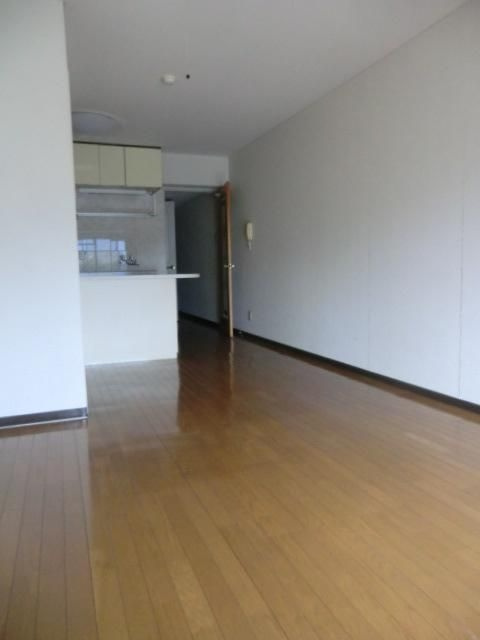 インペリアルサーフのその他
==
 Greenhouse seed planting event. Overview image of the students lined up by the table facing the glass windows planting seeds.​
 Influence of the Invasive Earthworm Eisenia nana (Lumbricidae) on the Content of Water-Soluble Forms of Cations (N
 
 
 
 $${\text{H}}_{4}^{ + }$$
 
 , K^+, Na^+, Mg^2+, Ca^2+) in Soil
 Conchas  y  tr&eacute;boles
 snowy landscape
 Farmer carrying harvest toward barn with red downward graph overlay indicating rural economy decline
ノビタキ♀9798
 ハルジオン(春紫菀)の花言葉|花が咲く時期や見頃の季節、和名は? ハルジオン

DIRECTIONS FOR THIS TASK:
Output the lines above between the one holding "Farmer carrying harvest" and the one holding "ハルジオン(春紫菀)の花言葉|花が咲く時期や見頃の季節、和名は? ハルジオン", inclusive, with nothing before or after them.

EXERCISE OUTPUT:
 Farmer carrying harvest toward barn with red downward graph overlay indicating rural economy decline
ノビタキ♀9798
 ハルジオン(春紫菀)の花言葉|花が咲く時期や見頃の季節、和名は? ハルジオン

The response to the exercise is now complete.